Muslim Uighur, Konflik dan Kepedulian

Share:

Siapa Etnis Uighur

Warga Uighur adalah kelompok etnis minoritas yang sebagian besar beragama Islam, dan terutama berbasis di wilayah Xinjiang, di barat laut China.

Mereka cenderung memiliki lebih banyak kesamaan budaya dengan orang-orang di negara-negara Asia Tengah dibandingkan etnis Han di China. Bahasa mereka terkait dengan bahasa Turki dan juga memiliki kesamaan dengan bahasa Uzbek, Mongol, Kazakh, dan Kyrgyz.

Islam adalah bagian penting dari identitas mereka. Sebagian besar mempraktekkan bentuk moderat dari ajaran Sunni, dan beberapa meneladani aliran Sufi. Lebih dari itu, orang Uighur cenderung memiliki lebih banyak ciri fisik Mediterania dibandingkan karakteristik Han China.

Sensus penduduk China pada 2010 menempatkan jumlah penduduk Uighur, berada lebih dari 10 juta jiwa, yakni kurang dari 1 persen dari total populasi Negeri Tirai Bambu. Meski begitu, mereka adalah kelompok etnis terbesar di wilayah otonomi Xinjiang.

Wilayah Xinjiang

Xinjiang berada di bawah kekuasaan China sejak Abad ke-18. Wilayah ini mengalami periode kemandirian yang singkat di tahun 1940-an, tetapi Beijing kembali mendapat kontrol ketika Komunis mengambil alih kekuasaan pada 1949.

Xinjiang secara strategis penting bagi China, karena berbatasan dengan delapan negara, yakni Mongolia, Rusia, Kazakhstan, Kyrgyzstan, Tajikistan, Afghanistan, Pakistan, dan India. Hingga saat ini, penduduk Xinjiang didominasi oleh orang Uighur, tetapi masuknya etnis Han ke wilayah itu, kian memicu ketegangan di antara kedua kelompok.

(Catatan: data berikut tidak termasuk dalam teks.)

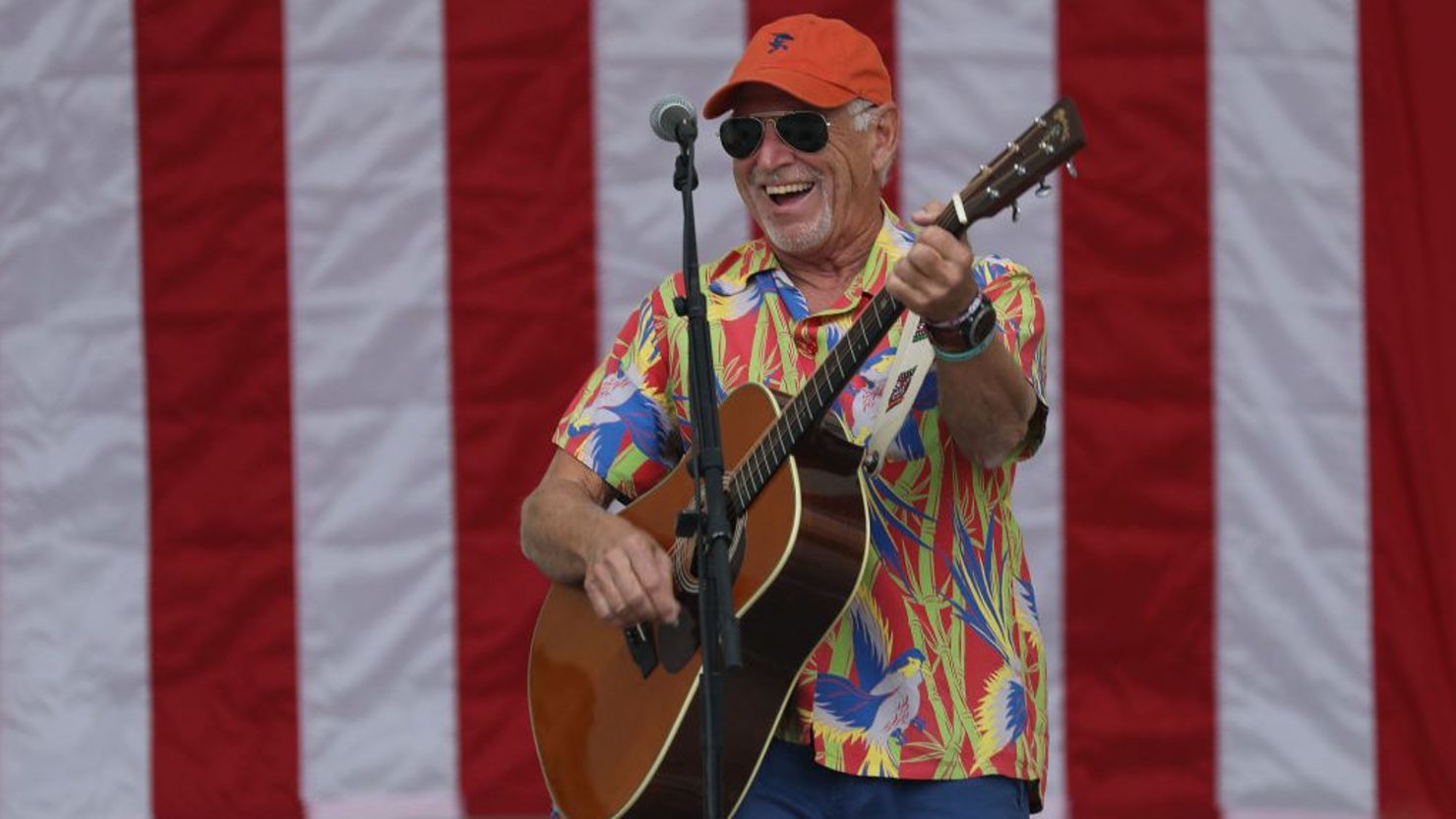 Jimmy Buffett en una actuación en West Palm Beach, Florida, en 2018.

Xinjiang kaya akan sumber daya alam, dan ekonominya sebagian besar berputar di sekitar pertanian dan perdagangan. Kota-kotanya pernah menjadi titik penghentian utama di sepanjang Jalan Sutra yang terkenal di masa lampau.

Kenapa Terjadi Konflik

Terdapat beberapa hal mendasar sebagai penyebab konflik antara Beijing dengan etnis Uighur atau orang-orang Muslim Uighur yang berakar sejak dua abad lalu :

1. Pemeritah China Curiga Etnis Uighur Pemberontak

Nasib malang suku Uighur berawal saat perang dunia pecah. Saat itu warga Xinjiang, termasuk Uighur, berusaha bergabung dengan Soviet.

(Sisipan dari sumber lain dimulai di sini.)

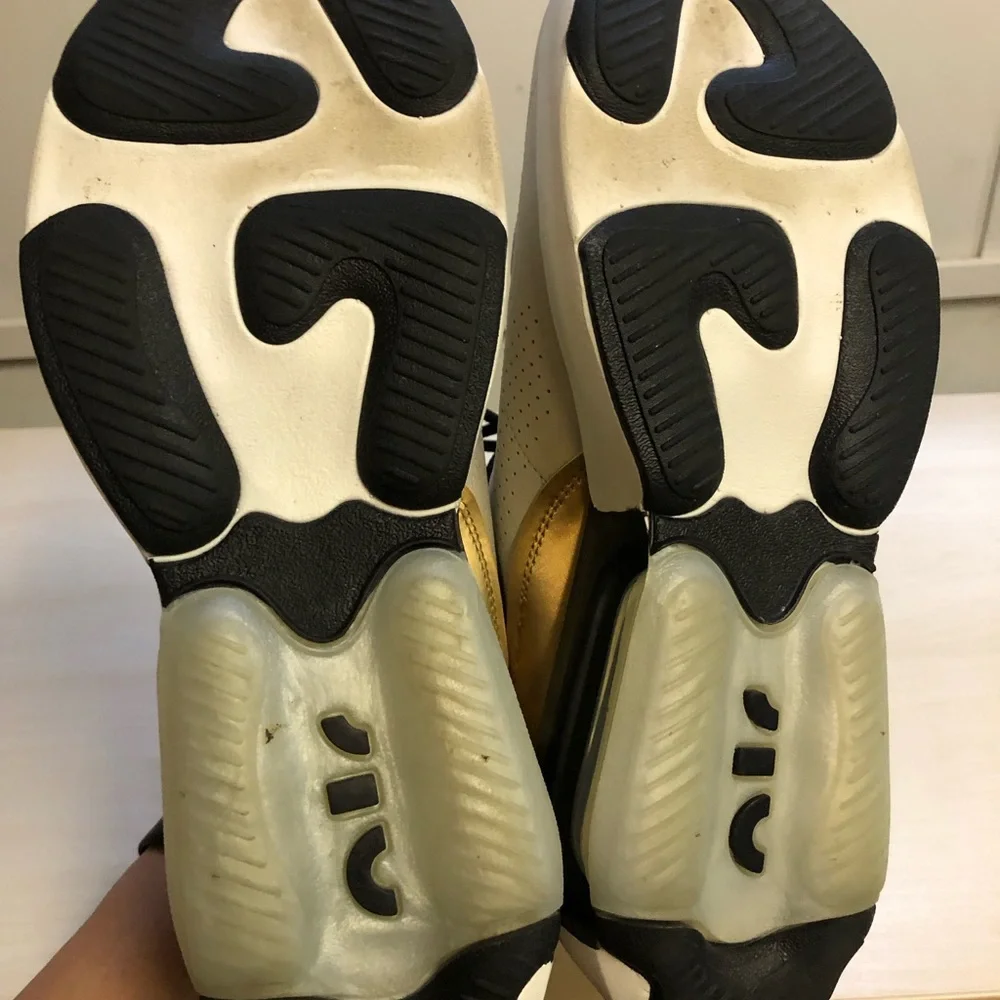 Nike Air Max Cream Gold Lace Up Verona Sneakers - Picture 5 of 5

Namun, usaha mereka tak berhasil karena pasukan nasionalis kiriman Beijing akhirnya kembali memaksa warga Uighur bertahan dalam wilayah kedaulatan RRC pada 1949.
Sejak itu, warga Uighur dicap punya kecenderungan 'memberontak' oleh petinggi di Beijing. Kebijakan ekonomi China yang mengutamakan etnis Han makin memperburuk suasana.

2. Curiga Uighur Ingin Lepas dari RRC

Pemerintah China juga menaruh rasa curiga pada suku Uighur. Mereka dianggap ingin melepaskan diri dari RRC. Ditambah lagi muncul isu diskriminasi dari lembaga Human Right Watch yang mengatakan lebih dari 10 juta suku Uighur dipersulit untuk membuat paspor.
Jika warga Han dengan mudah melenggaang ke luar negeri, petugas imigrasi mewajibkan mereka menyerahkan puluhan dokumen serta wawancara untuk memeriksa ideologi politik mereka.

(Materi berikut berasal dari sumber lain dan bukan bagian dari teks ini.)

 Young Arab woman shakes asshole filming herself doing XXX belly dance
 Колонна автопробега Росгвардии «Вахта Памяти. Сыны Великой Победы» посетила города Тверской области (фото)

3. Dituduh Masuk Jaringan Teroris

China kembali bersikap keras terhadap etnis Uighur karena dianggap rentan terpapar radikalisme. Sebab, sejumlah kelompok perwakilan etnis Uighur dianggap tidak sejalan dengan pemerintah China.
Organisasi yang menjadi target China adalah Kongres Uighur Dunia (WUC) dan Gerakan Kemerdekaan Turkestan Timur (ETIM). Yang terakhir bahkan dianggap sebagai kelompok teroris oleh China. 

Dengan gelombang kelompok radikal seperti Negara Islam Irak dan Suriah (ISIS) yang dikhawatirkan tersebar di kalangan Uighur, pemerintah China wajar jika merasa cemas. Meski sampai saat ini belum ada data pasti berapa jumlah etnis Uighur yang bergabung dengan ISIS.
Akibat diskriminasi tersebut, banga Uighur menyerang balik bangsa Han. Sasaran utamanya adalah para aparat dari etnis Han.

Serangan paling keras terjadi pada Januari 2007. Diperkirakan ada 18 suku Uighur ditembak mati dengan tuduhan bergabung dengan jaringan teroris internasional.
Bahkan ada kabar serangan militer ke beberapa kampung yang dituding sebagai sarang teroris. Namun, hal itu dibantah oleh birokrat Partai Komunis yang masih berkuasa di China.

Siapa Yang Bertanggung Jawab Atas Konflik Uighur

Sampai saat ini, nyaris tidak ada negara atau organ internasional yang menyerukan mediasi atau intervensi terhadap kasus Uighur, termasuk Indonesia yang menyatakan kasus Uighur adalah urusan domestik China. Banyak dari negara-negara lain, termasuk negara-negara Muslim, yang memiliki kerja samadan hutang dengan China. Sehingga China bertindak rasional untuk meredam negara-negara tersebut—khususnya negara-negara Muslim, sebab Uighur bukanlah satu-satunya wacana self-determination di China. 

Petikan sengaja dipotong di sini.